• What the task asks
Every line of the listing below should be written out exactly, minus its images.
------ Records ------
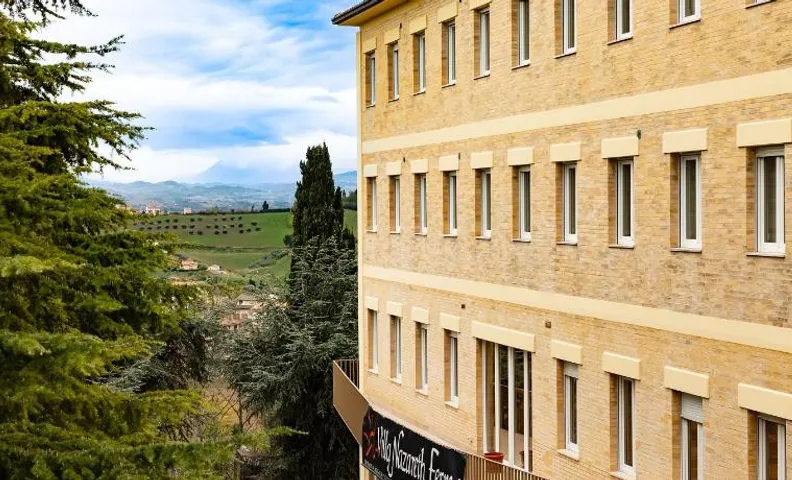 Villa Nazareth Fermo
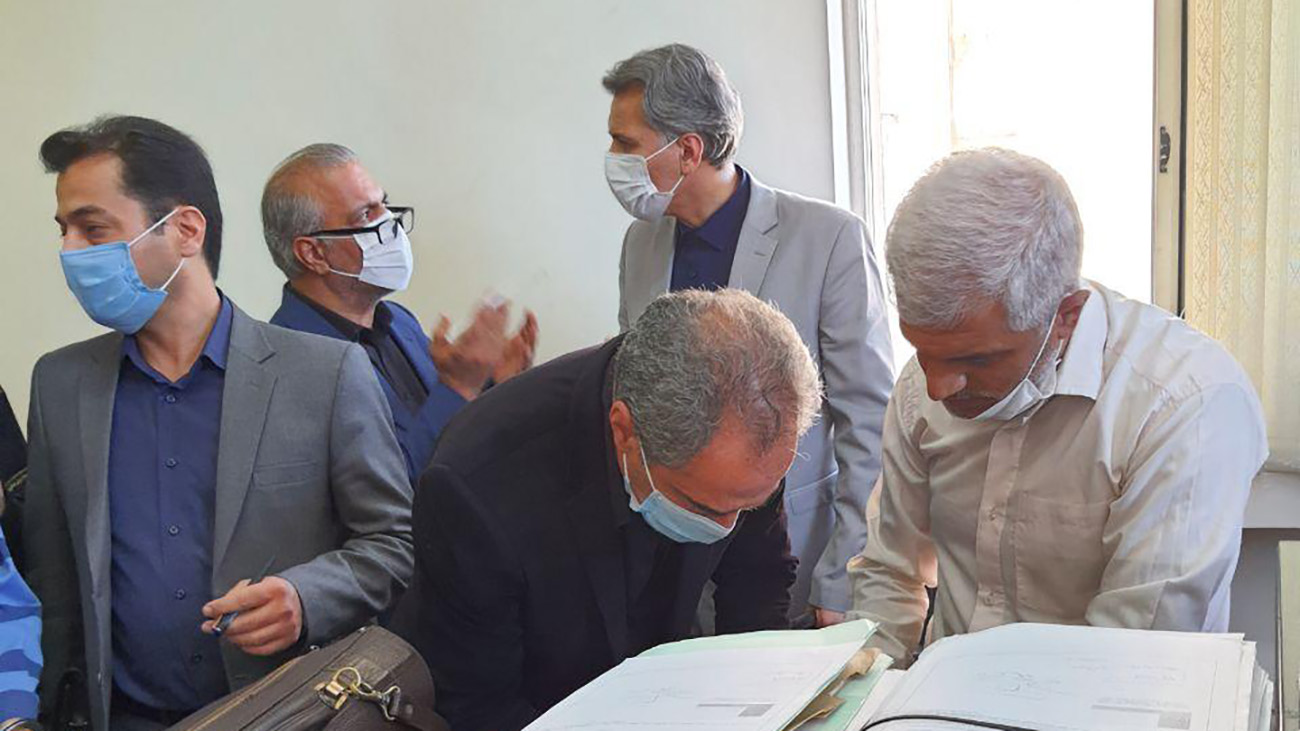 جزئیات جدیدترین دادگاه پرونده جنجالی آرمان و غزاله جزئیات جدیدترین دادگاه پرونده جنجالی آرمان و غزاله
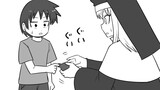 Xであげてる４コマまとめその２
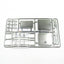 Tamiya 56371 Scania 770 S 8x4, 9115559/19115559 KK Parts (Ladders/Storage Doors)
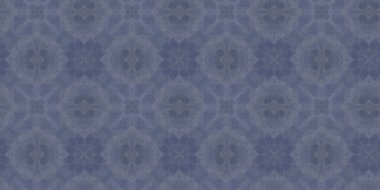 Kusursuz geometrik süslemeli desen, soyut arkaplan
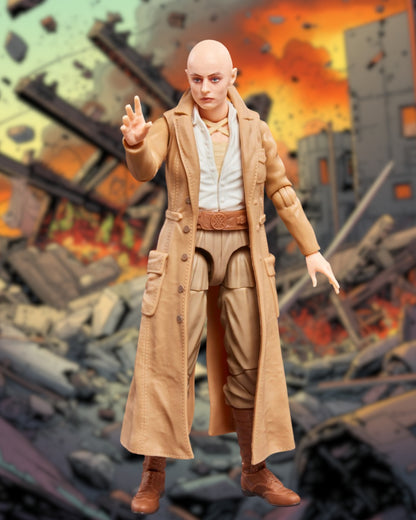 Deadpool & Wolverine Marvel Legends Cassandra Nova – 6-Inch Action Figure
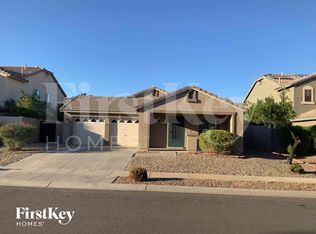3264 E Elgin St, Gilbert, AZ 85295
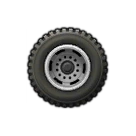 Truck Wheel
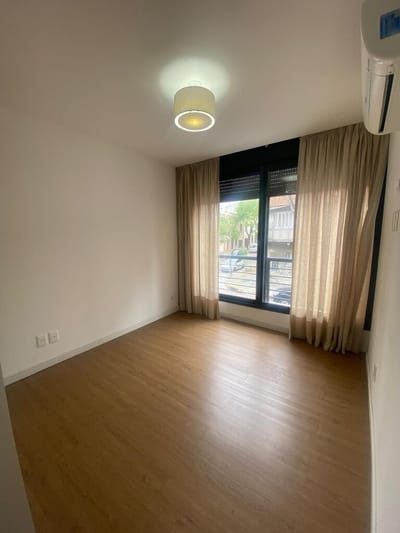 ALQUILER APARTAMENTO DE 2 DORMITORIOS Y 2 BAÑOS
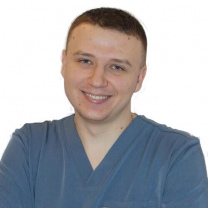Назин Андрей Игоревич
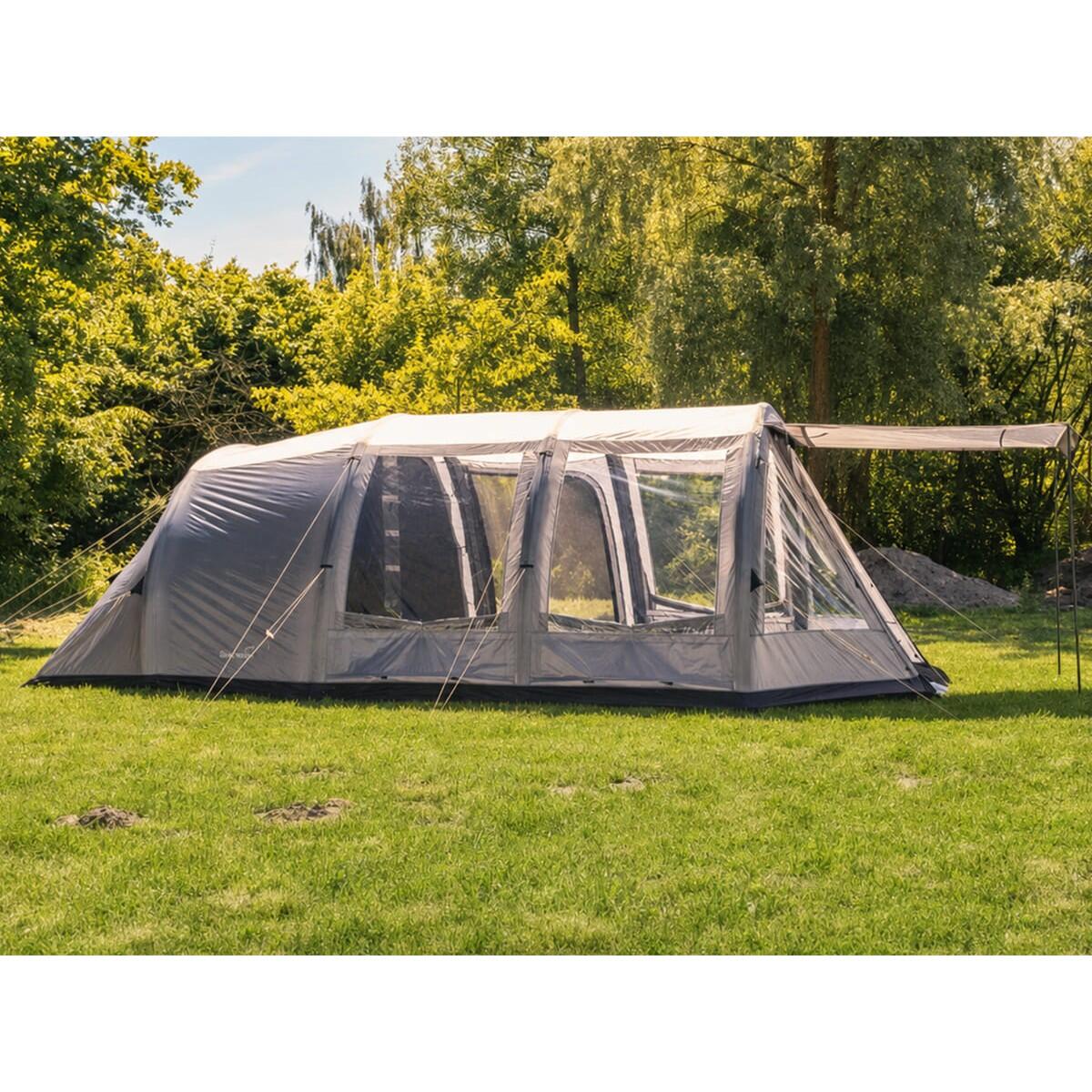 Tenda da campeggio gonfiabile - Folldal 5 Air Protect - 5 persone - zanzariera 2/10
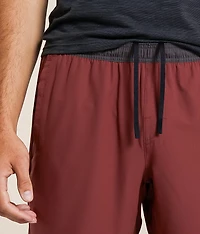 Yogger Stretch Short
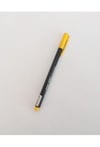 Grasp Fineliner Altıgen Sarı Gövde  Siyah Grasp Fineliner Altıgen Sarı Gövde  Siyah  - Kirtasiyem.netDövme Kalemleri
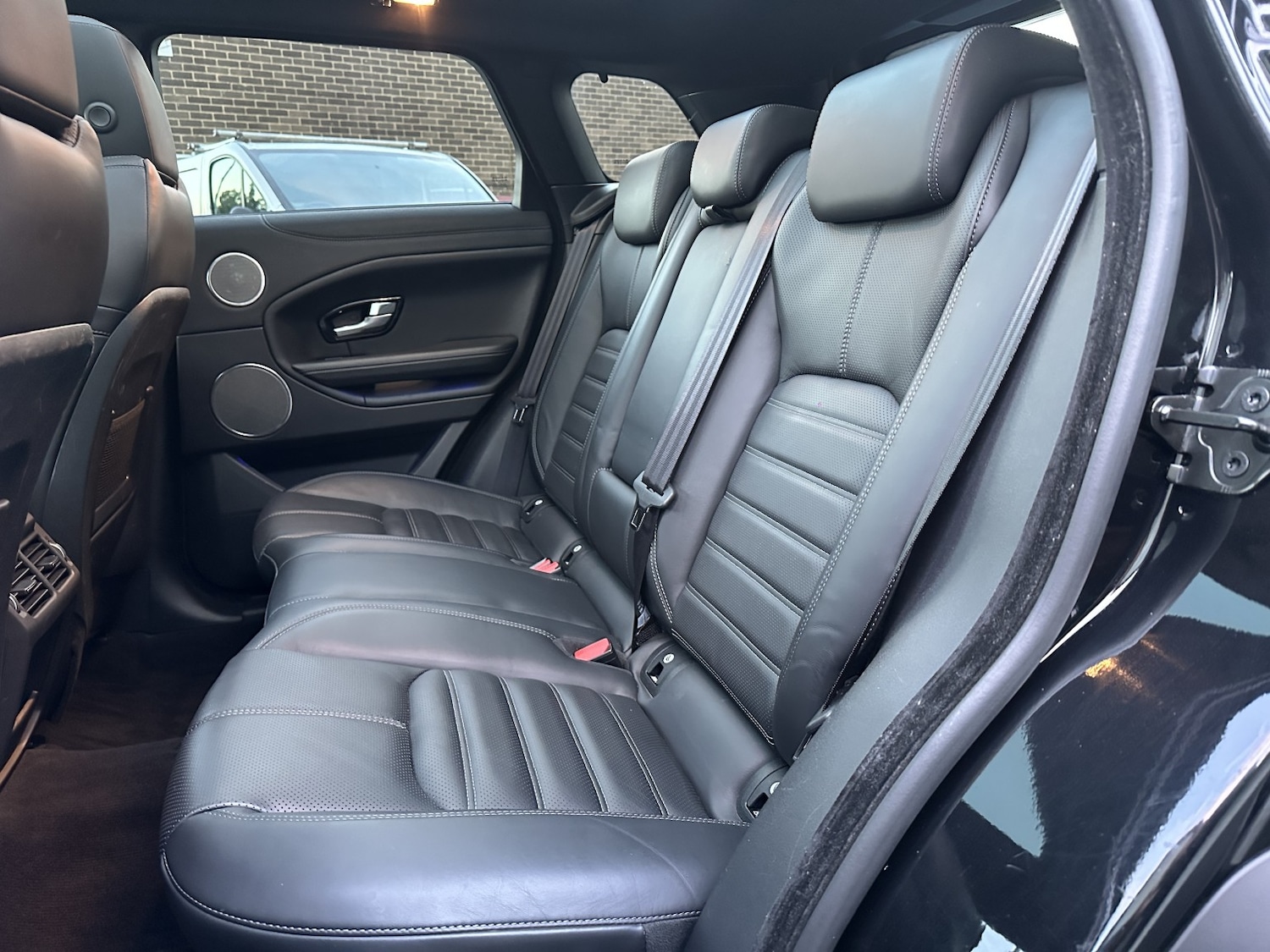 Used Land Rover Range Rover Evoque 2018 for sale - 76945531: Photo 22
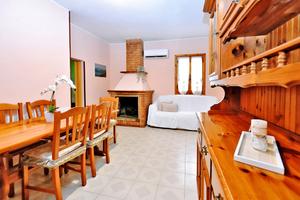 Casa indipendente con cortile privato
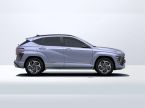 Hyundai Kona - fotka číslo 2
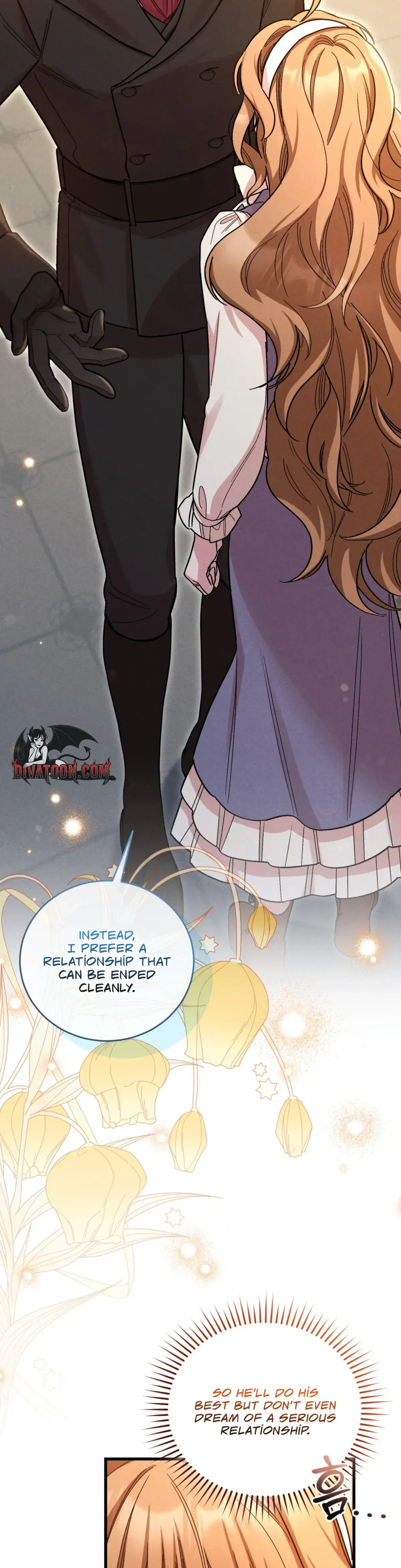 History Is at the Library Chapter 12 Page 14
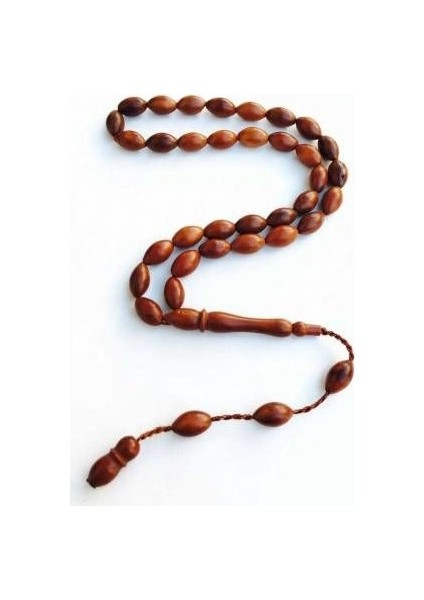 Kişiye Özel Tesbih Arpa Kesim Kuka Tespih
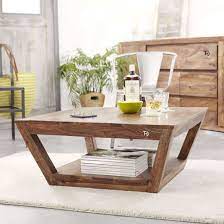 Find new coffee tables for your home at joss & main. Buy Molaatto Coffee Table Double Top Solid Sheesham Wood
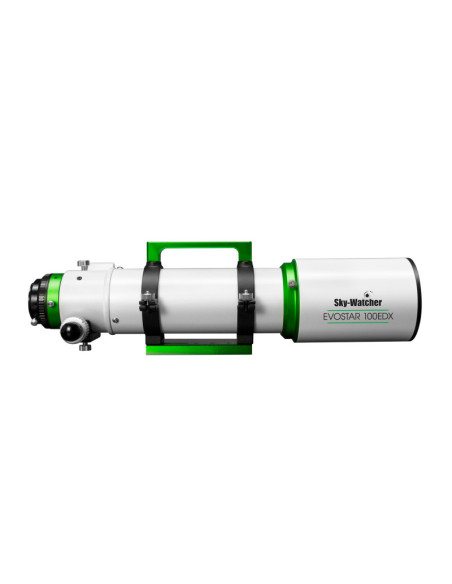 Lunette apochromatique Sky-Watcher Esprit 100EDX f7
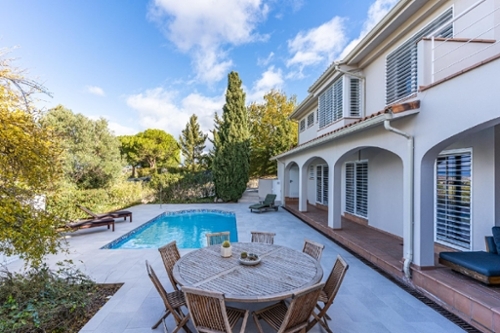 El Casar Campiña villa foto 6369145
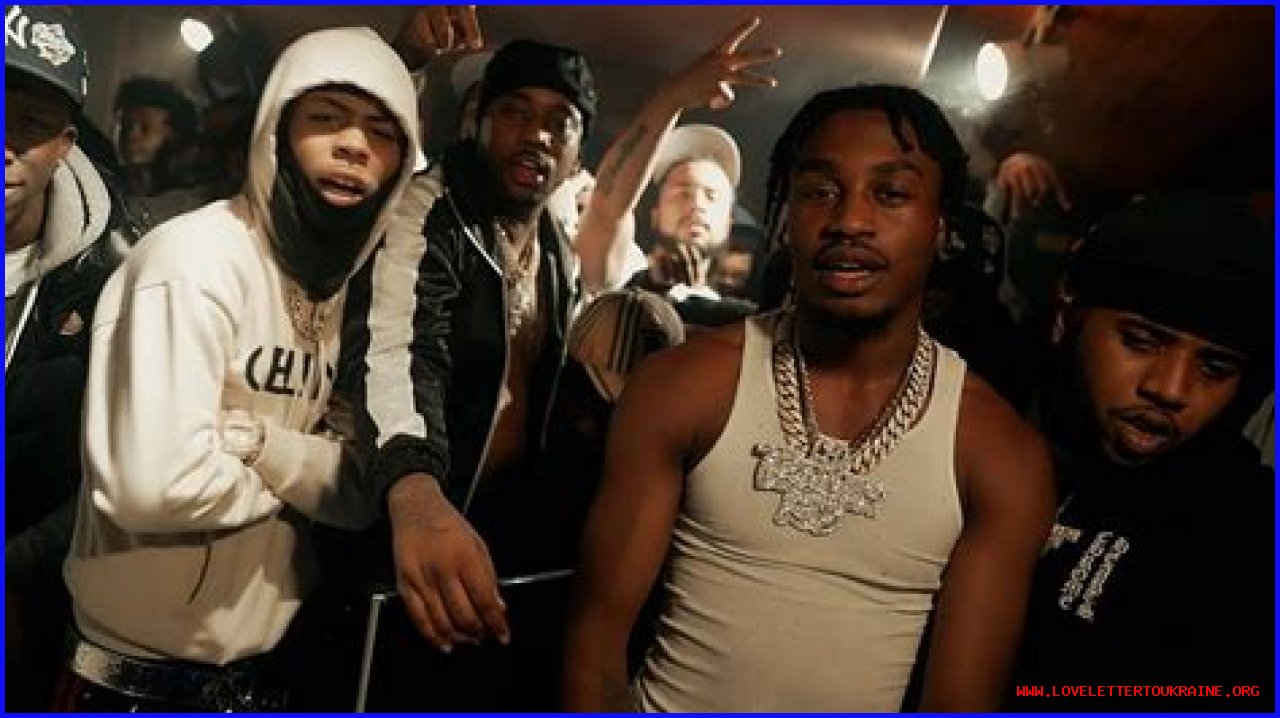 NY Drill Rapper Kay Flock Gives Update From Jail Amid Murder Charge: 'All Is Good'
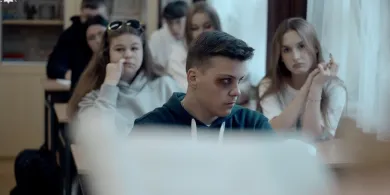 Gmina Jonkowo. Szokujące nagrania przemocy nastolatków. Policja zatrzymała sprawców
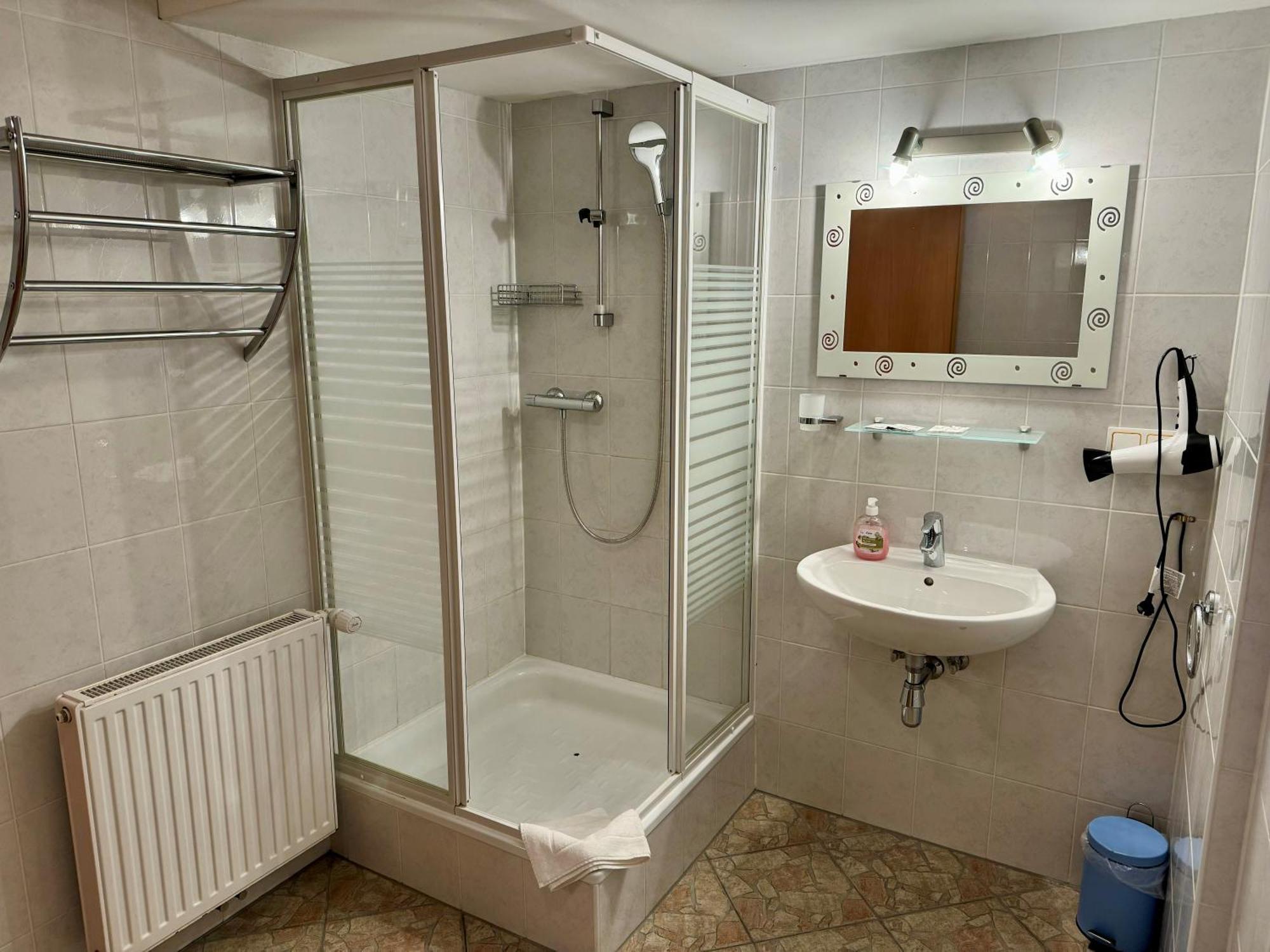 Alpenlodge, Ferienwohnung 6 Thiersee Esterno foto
------
• Result of the task
 Villa Nazareth Fermo
 جزئیات جدیدترین دادگاه پرونده جنجالی آرمان و غزاله جزئیات جدیدترین دادگاه پرونده جنجالی آرمان و غزاله
 Xであげてる４コマまとめその２
 Tamiya 56371 Scania 770 S 8x4, 9115559/19115559 KK Parts (Ladders/Storage Doors)
 Kusursuz geometrik süslemeli desen, soyut arkaplan
 Deadpool & Wolverine Marvel Legends Cassandra Nova – 6-Inch Action Figure
3264 E Elgin St, Gilbert, AZ 85295
 Truck Wheel
 ALQUILER APARTAMENTO DE 2 DORMITORIOS Y 2 BAÑOS
Назин Андрей Игоревич
 Tenda da campeggio gonfiabile - Folldal 5 Air Protect - 5 persone - zanzariera 2/10
 Yogger Stretch Short
 Grasp Fineliner Altıgen Sarı Gövde  Siyah Grasp Fineliner Altıgen Sarı Gövde  Siyah  - Kirtasiyem.netDövme Kalemleri
 Used Land Rover Range Rover Evoque 2018 for sale - 76945531: Photo 22
 Casa indipendente con cortile privato
 Hyundai Kona - fotka číslo 2
 History Is at the Library Chapter 12 Page 14
 Kişiye Özel Tesbih Arpa Kesim Kuka Tespih
 Find new coffee tables for your home at joss & main. Buy Molaatto Coffee Table Double Top Solid Sheesham Wood
 Lunette apochromatique Sky-Watcher Esprit 100EDX f7
 El Casar Campiña villa foto 6369145
 NY Drill Rapper Kay Flock Gives Update From Jail Amid Murder Charge: 'All Is Good'
 Gmina Jonkowo. Szokujące nagrania przemocy nastolatków. Policja zatrzymała sprawców
 Alpenlodge, Ferienwohnung 6 Thiersee Esterno foto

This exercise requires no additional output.